* The input
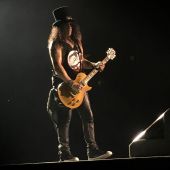 Concerts 2017 1030 toronto slash02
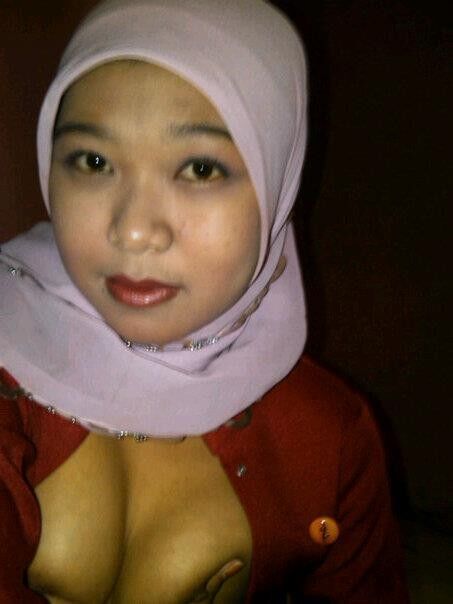 Indonesian Jilbab Menggoda 11 of 18 pics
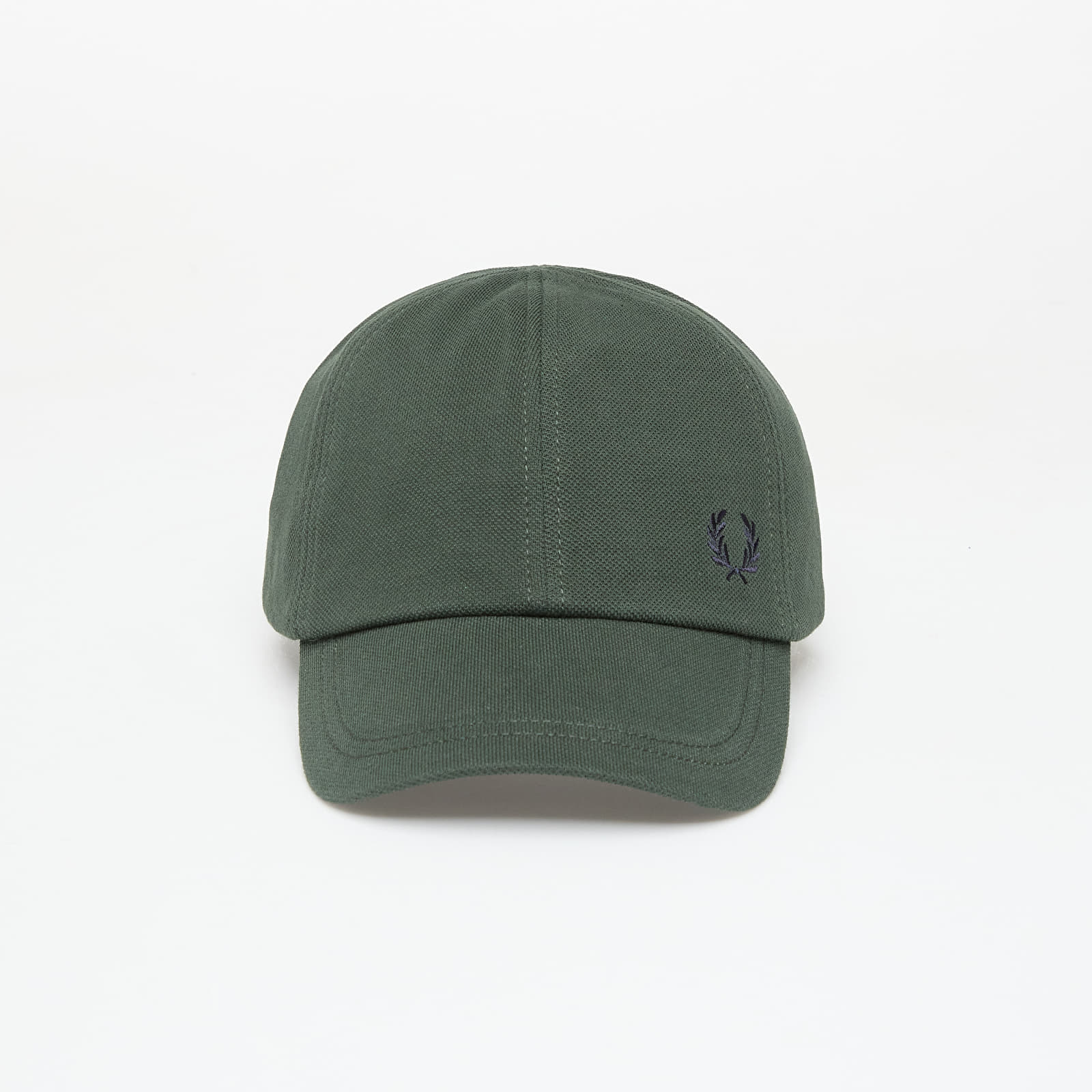 Caps for menn FRED PERRY Pique Classic Cap Court Green/ Navy
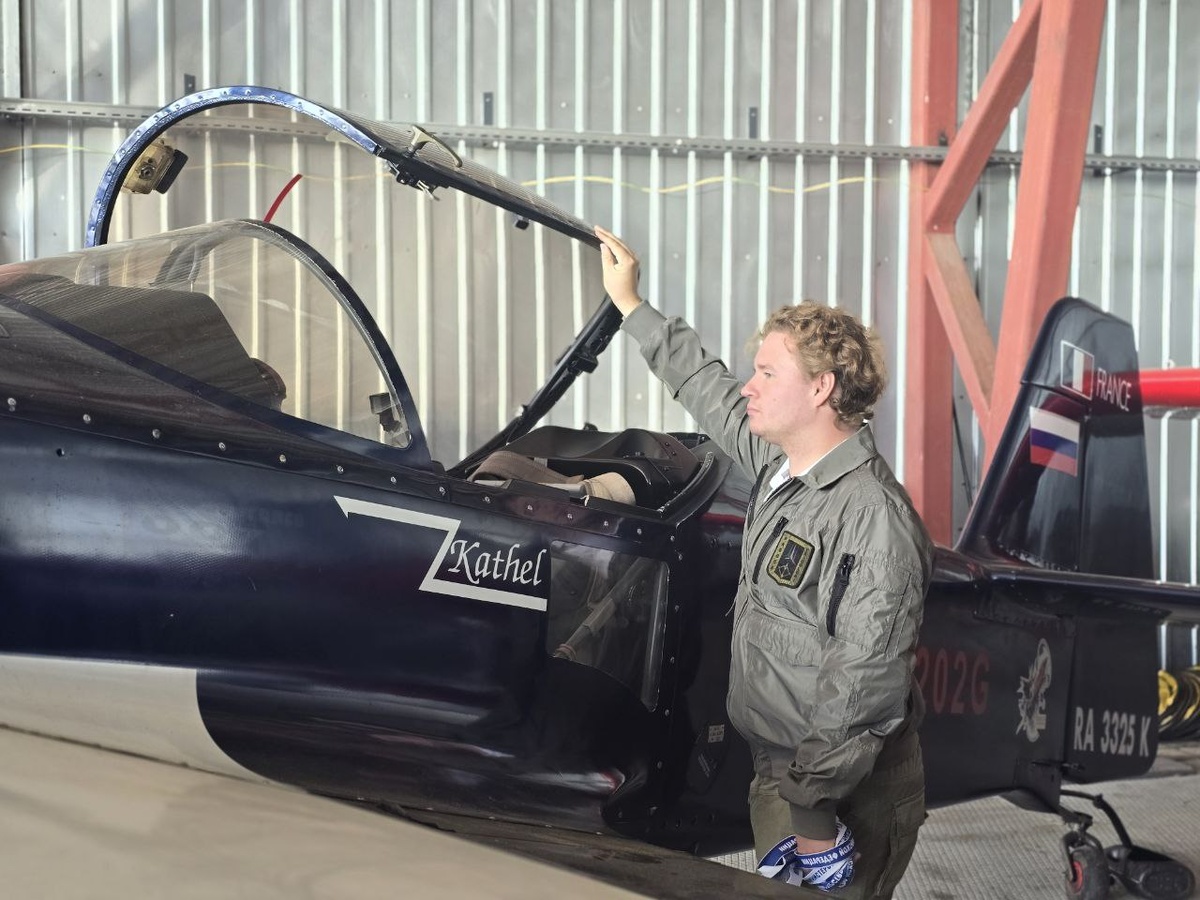    Сургутянин Иван Барсов стал первым двукратным чемпионом России по самолётному спорту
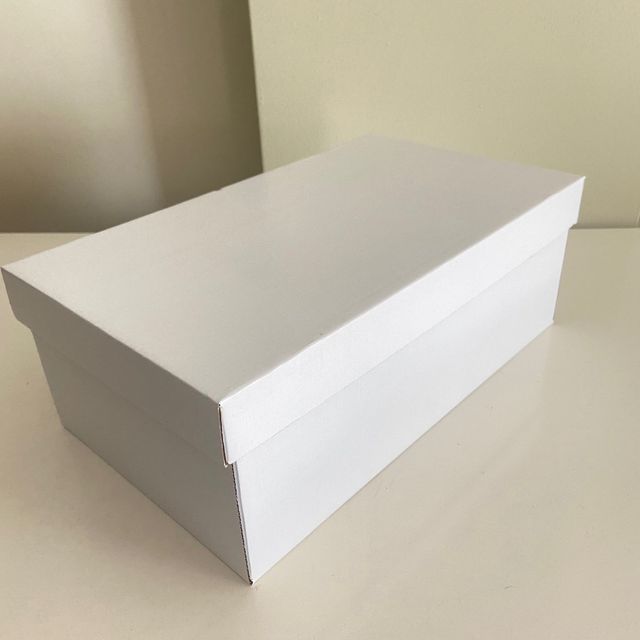 Caja blanca de zapatos  28x16x10 cm (LxAxh)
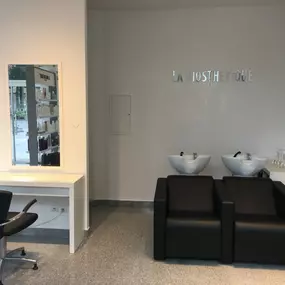 Adriano Haarstudio Friseur Düsseldorf - La Biosthetique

* Required work
Please print each entry exactly as it stands, without the pictures.

* Final answer
 Concerts 2017 1030 toronto slash02
 Indonesian Jilbab Menggoda 11 of 18 pics
 Caps for menn FRED PERRY Pique Classic Cap Court Green/ Navy
    Сургутянин Иван Барсов стал первым двукратным чемпионом России по самолётному спорту
 Caja blanca de zapatos  28x16x10 cm (LxAxh)
 Adriano Haarstudio Friseur Düsseldorf - La Biosthetique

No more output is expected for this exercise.